# PLSA
_Probabilistic latent semantic analysis_

## Preliminaries
#### Import dependencies

In [1]:
import sys
import matplotlib.pyplot as plt

#### Set the plotting environment

In [2]:
%matplotlib notebook

#### Put the actual `plsa` package onto the _python path_

In [3]:
sys.path.append('..')

#### Import main classes from the `plsa` package

In [4]:
from plsa import Corpus, Pipeline, Visualize
from plsa.pipeline import DEFAULT_PIPELINE
from plsa.algorithms import PLSA

## Data Sources
As they can be quite large, no actual text corpus is included with the `plsa` package.
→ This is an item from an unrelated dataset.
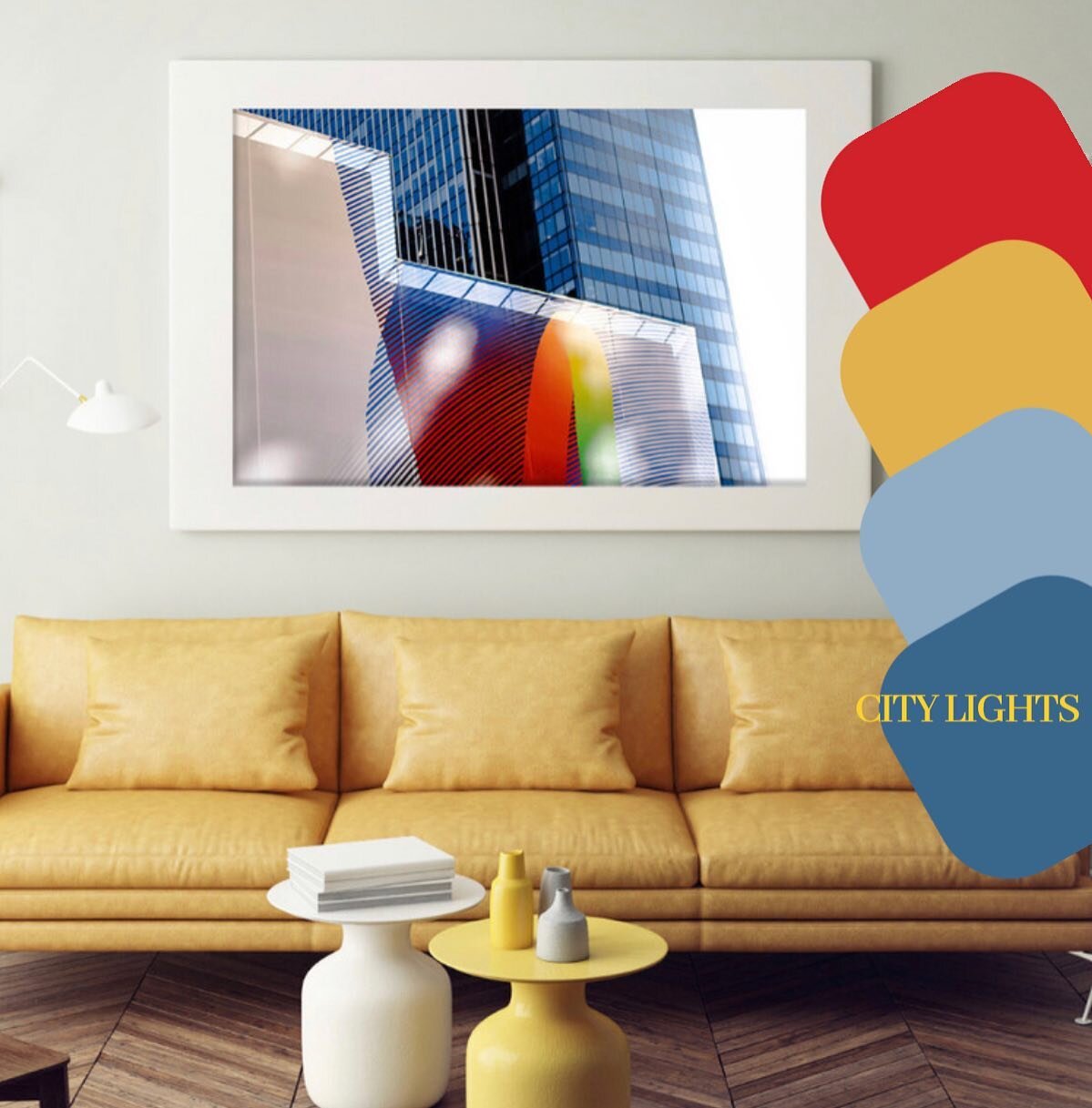 Pair CITY LIGHTS with BOLD  primary colors and textures 🏙️ 🌆
#photo #photographer #photoart #interiordesign #art #gallery #gallerywall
Two nice examples to play with could be
- [Economic News Article Tone and Relevance](https://www.figure-eight.com/data-for-everyone/)
- [Blog Authorship Corpus](http://u.cs.biu.ac.il/~koppel/BlogCorpus.htm)
We are assuming here that you have downloaded one of them (or both) and placed them under a `data` folder under the
root of your clone of the `PLSA` [GitHub repository](https://github.com/yedivanseven/PLSA).

In [5]:
csv_file = 'data/US-Economic-News.csv'
directory = 'data/blogs'

## Set Up the Corpus
#### Define pre-processing pipeline
Depending on there source, actual, real-world text documents are "dirty", and need to be "cleaned up" through a series of pre-processing steps. The `plsa` submodule `preprocessors` contains several of them
(see the [API documentation](https://probabilistic-latent-semantic-analysis.readthedocs.io/en/latest/plsa.preprocessors.html)). For convenience, they are assembled into a default pipeline that should help you to get
some results out-of-the-box.

In [6]:
pipeline = Pipeline(*DEFAULT_PIPELINE)
pipeline

Pipeline:
0: remove_non_ascii
1: to_lower
2: remove_numbers
3: tag_remover
4: punctuation_remover
5: tokenize
6: LemmatizeWords
7: RemoveStopwords
8: short_word_remover

#### Load corpus
Execute either this cell ...

... or that cell:

In [7]:
corpus = Corpus.from_csv(csv_file, pipeline)
corpus

Corpus:
Number of documents: 1000
Number of words:     6431

## Run PLSA

#### Choose the number of topics

In [8]:
n_topics = 5

#### Instantiate a PLSA model

In [9]:
plsa = PLSA(corpus, n_topics, True)
plsa

PLSA:
====
Number of topics:     5
Number of documents:  1000
Number of words:      6431
Number of iterations: 0

Notice that we did not do any iterations yet.

#### Fit a PLSA model

In [10]:
result = plsa.fit()
plsa

PLSA:
====
Number of topics:     5
Number of documents:  1000
Number of words:      6431
Number of iterations: 114

Now we indeed did do some iterations.

#### Find the best PLSA model of many
As with any iterative algorithm, also the probabilities in PSLA need to be (randomly) initialized prior to the first iteration step. Therefore, calling the ``fit`` method of two different `PLSA` instances operating on the _same_ corpus with the _same_ number of topics potentially leads to (slightly) different results, corresponding to different local minima of the Kullback-Leibler divergence between the true document-word probability and its approximate factorization. To mitigate this effect, perform multiple runs and pick the best model.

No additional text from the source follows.